Assuming things even happened as transcribed...why would he mention something that was not relevant to what he considered the most pertinent information ? Of course he's left out the lighthouse deliberately. Not for nefarious reasons but I suspect because to him it just obfuscates the matter. The fact that they 'also' chased the lighthouse is in his mind irrelevant if the red and blue lighted object they all saw was not the lighthouse. Why bring in extraneous material ? That's my take on it. He's doing his job...focusing on what's relevant.
 
we normal folks looking at where the evidence leads us can't understand

You'd be less confused if you grasped that I don't have a fixed position on Rendlesham. I am playing devil's advocate...deliberately challenging the 'conventional' explanations. I'm not 'changing my mind' every 5 minutes. I'm simply attacking any and every loophole I see. To me that is the method of getting to the truth.
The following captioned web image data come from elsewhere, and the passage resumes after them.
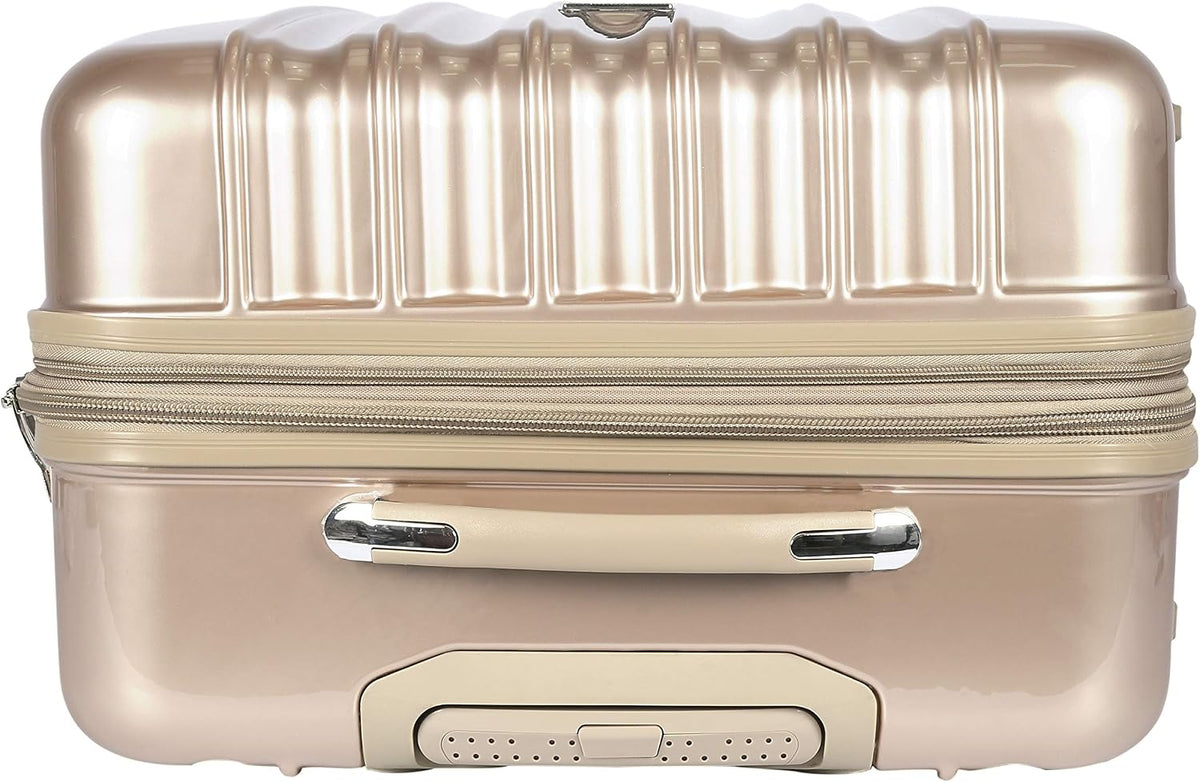 kensie Conjunto de equipaje Alma para mujer, Oro pálido
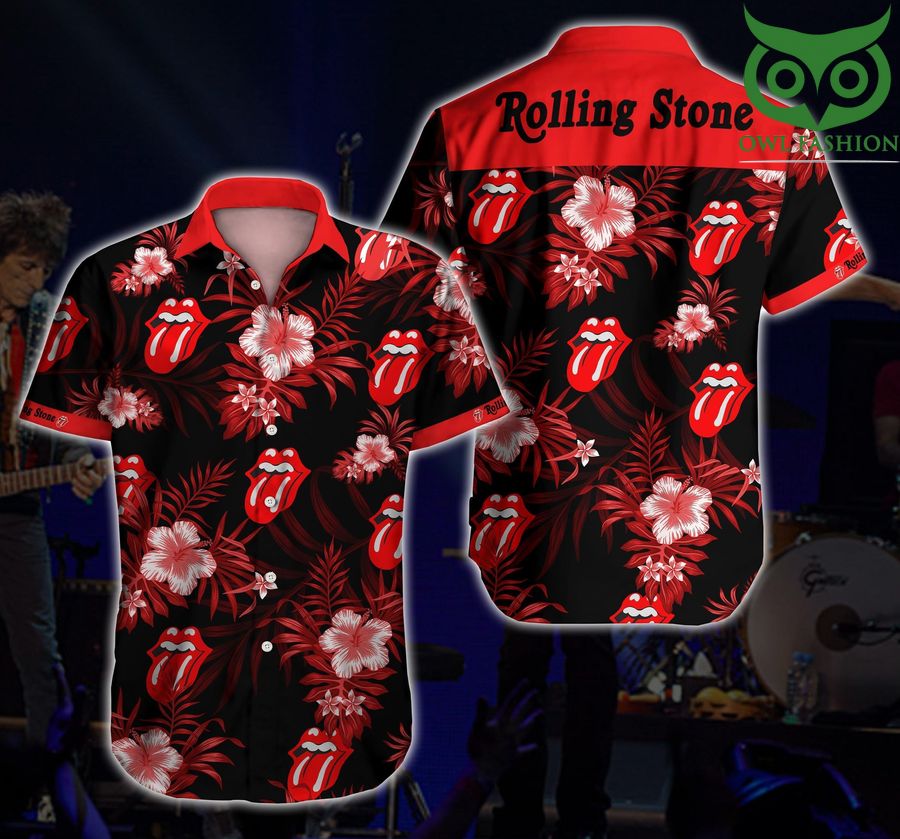 The Rolling Stones Hawaiian shirt short sleeve summer wear
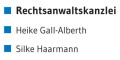 Bild: Gall-Alberth Heike, Haarmann Silke, Lerche Anke Rechtsanwaltskanzlei in Augsburg, Bayern
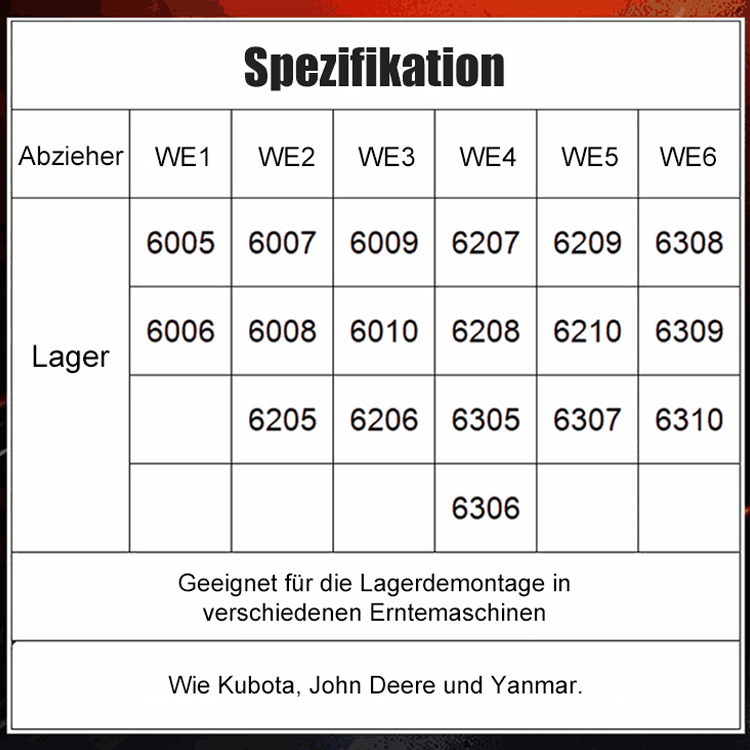 Universal-Lagerabzieher-Set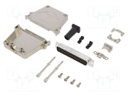 D-Sub; PIN: 37; male; shielded,with strain relief; straight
You confuse that I am stating an opinion with it being my opinion.
 
They all accurately relate red and blue.
"Accurately"?
How do you know?
Bad faith. How do you 'know' any of what is reported even happened at all ?

I don't.
We can only know if, for example, people are accurately quoting the documents in the public record. Or if some theories align with checkable facts, e.g. was Orford Ness lighthouse visible from parts of Rendlesham Forest.

Most of us are not "insisting" on a certain interpretation,
I am insisting that stories are cover stories
defending that position (for which they provide no evidence whatsoever), and then apparently dropping it without admitting so.

Please, can you say how you know Cabansag, Burroughs and Penniston accurately reported red and blue lights?
The lights that you insisted were a made-up cover-story just a few posts ago?
 
So the three 26th December witnesses couldn't be misled by a lighthouse beam, but Halt and co. are misled by an electrical fault?!
That Halt observes it in the sky for a protracted period, until dawn slowly renders it invisible?

An electricity cable arcing/ burning copper for three days? (Red lights reported on the 26th and 28th, IIRC).
And the farmhouse inhabitants don't notice or bother to tell anyone?

You were insisting that all the accounts were cover stories.
The witnesses were all part of a cover-up.

So it's totally, utterly, irrelevant that there is an electricity pylon, complete with insulators, etc, directly below the lighthouse ? Couldn't possibly be the cause of any of what was seen...such as Halt seeing sparks falling to the ground ?
 
Please, can you say how you know Cabansag, Burroughs and Penniston accurately reported red and blue lights?
The lights that you insisted were a made-up cover-story just a few posts ago?
i think youve been hanging out with fat phil too long. you are twisting his meanings, which isnt like you. (and it wasnt a few posts ago. its odd seeing you like this).
 
Where's the contradiction ? I am playing devil's advocate. When I argue a position then I put myself in the mindset of someone arguing it. If a particular line doesn't work, I move on. I am arguing positions...none of which are my own personal position, which is simply that the lighthouse and stars theory is inadequate and does not fully explain what transpired.